## Exercise
Identify all lines below that hold "Oriental" and collect them.

=== Section Start ===

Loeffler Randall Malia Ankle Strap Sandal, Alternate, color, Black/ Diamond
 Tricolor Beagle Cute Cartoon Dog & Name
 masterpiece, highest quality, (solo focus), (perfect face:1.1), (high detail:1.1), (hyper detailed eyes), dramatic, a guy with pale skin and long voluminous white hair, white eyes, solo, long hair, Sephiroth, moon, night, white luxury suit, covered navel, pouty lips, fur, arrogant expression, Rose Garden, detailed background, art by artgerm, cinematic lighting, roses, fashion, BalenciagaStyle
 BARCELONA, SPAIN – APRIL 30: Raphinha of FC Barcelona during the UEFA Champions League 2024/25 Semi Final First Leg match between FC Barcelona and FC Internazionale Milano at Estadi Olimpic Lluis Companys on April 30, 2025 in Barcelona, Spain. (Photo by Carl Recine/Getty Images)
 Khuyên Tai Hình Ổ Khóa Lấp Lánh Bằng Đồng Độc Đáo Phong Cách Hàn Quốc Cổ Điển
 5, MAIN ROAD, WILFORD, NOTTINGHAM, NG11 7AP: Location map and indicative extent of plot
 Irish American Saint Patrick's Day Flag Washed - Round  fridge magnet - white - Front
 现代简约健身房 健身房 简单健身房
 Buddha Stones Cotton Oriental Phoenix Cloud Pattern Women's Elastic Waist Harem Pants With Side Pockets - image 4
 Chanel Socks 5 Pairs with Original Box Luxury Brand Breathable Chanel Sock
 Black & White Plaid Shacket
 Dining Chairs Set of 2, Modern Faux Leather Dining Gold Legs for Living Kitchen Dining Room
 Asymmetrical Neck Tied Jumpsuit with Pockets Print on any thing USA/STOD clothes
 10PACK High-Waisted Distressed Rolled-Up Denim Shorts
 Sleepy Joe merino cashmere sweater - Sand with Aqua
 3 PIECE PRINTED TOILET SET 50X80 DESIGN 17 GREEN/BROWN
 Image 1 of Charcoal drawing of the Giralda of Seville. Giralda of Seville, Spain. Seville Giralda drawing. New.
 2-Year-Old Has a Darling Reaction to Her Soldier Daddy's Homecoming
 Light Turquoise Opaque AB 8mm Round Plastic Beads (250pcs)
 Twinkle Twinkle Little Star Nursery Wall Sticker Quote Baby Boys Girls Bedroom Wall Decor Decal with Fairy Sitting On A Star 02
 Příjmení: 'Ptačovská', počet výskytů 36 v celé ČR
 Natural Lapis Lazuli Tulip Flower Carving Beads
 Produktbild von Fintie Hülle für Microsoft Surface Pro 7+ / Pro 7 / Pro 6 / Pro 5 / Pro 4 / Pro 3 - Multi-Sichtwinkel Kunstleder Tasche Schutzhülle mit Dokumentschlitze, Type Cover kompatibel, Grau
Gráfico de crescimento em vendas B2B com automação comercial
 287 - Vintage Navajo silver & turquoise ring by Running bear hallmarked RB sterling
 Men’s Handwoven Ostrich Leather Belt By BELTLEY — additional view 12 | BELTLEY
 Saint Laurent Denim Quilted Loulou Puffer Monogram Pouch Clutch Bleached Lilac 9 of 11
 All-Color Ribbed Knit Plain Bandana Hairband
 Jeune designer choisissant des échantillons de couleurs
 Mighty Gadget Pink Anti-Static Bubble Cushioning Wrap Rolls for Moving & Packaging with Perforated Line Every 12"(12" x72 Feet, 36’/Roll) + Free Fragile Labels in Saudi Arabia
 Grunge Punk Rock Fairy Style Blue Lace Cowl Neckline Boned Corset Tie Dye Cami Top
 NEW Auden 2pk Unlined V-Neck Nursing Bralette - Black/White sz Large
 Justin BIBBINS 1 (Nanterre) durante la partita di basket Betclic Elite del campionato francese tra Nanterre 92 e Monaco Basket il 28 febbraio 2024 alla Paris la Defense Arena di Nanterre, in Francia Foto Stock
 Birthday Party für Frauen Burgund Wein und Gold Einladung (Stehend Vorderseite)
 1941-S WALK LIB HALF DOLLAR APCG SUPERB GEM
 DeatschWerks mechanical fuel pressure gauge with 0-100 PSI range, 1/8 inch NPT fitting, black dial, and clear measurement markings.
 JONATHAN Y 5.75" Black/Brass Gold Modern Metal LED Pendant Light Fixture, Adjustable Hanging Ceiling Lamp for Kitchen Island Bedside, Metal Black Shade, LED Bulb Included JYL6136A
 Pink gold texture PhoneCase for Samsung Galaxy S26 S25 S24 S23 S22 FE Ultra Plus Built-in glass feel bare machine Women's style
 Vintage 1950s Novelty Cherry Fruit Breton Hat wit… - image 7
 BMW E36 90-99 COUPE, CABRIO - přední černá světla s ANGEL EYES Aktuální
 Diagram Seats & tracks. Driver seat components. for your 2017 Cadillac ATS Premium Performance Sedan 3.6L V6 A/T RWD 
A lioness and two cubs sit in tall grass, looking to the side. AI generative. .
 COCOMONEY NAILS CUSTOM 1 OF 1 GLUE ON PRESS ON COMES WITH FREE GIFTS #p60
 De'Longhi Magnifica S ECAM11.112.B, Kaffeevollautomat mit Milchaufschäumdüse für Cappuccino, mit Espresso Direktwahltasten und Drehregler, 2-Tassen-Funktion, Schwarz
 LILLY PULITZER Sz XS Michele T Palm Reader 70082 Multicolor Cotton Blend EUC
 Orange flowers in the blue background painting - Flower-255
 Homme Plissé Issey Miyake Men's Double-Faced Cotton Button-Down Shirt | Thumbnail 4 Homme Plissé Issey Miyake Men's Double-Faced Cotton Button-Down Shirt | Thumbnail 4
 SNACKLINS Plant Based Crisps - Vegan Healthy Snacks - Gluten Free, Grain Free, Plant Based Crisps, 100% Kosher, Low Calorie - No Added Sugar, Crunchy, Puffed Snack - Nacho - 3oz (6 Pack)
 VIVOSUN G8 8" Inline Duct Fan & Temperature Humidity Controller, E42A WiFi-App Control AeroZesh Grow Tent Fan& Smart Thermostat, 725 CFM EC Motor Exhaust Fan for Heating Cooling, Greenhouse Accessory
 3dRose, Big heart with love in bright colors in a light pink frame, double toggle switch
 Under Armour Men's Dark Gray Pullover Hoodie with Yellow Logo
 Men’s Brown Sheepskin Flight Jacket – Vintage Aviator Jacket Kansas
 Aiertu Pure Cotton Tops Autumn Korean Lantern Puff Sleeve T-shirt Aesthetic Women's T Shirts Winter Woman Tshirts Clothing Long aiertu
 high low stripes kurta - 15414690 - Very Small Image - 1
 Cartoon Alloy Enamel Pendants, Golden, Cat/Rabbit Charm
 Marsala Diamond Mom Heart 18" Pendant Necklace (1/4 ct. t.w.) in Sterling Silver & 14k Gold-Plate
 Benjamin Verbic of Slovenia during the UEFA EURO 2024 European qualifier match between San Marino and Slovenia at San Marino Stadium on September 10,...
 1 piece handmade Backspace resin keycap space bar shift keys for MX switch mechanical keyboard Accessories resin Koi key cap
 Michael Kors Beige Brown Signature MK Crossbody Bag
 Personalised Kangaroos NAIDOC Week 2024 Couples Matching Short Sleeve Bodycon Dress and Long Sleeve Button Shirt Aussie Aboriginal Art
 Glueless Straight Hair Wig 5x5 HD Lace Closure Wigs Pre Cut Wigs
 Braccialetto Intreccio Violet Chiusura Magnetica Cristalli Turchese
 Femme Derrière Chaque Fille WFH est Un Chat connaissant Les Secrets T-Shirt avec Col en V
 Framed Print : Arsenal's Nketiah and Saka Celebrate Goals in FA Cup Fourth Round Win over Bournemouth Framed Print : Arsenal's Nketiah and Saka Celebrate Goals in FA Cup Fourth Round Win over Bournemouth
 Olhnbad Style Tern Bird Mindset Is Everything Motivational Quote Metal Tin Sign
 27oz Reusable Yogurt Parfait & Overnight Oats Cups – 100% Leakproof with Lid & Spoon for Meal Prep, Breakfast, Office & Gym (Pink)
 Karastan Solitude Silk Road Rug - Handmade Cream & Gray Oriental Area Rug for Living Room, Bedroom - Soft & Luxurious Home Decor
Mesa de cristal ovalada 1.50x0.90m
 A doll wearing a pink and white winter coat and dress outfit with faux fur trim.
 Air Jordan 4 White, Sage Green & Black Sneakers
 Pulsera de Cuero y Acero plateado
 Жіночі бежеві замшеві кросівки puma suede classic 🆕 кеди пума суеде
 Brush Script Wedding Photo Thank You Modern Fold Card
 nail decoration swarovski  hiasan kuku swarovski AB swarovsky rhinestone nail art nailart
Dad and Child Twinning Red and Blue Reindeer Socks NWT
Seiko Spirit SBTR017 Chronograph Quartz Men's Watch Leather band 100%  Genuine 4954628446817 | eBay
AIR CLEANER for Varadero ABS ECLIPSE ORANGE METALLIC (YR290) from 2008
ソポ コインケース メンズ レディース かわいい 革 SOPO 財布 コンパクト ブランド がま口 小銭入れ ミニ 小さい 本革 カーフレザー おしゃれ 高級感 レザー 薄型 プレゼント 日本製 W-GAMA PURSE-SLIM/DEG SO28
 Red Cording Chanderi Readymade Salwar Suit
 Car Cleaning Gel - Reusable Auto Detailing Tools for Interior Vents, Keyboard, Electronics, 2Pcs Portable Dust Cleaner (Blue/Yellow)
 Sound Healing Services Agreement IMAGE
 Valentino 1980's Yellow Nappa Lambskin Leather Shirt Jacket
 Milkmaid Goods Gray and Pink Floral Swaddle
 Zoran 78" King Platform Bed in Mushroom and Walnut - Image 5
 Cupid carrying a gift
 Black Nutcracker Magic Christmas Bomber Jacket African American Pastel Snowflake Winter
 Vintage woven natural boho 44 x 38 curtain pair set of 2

=== Section End ===

## Output of the task
 Buddha Stones Cotton Oriental Phoenix Cloud Pattern Women's Elastic Waist Harem Pants With Side Pockets - image 4
 Karastan Solitude Silk Road Rug - Handmade Cream & Gray Oriental Area Rug for Living Room, Bedroom - Soft & Luxurious Home Decor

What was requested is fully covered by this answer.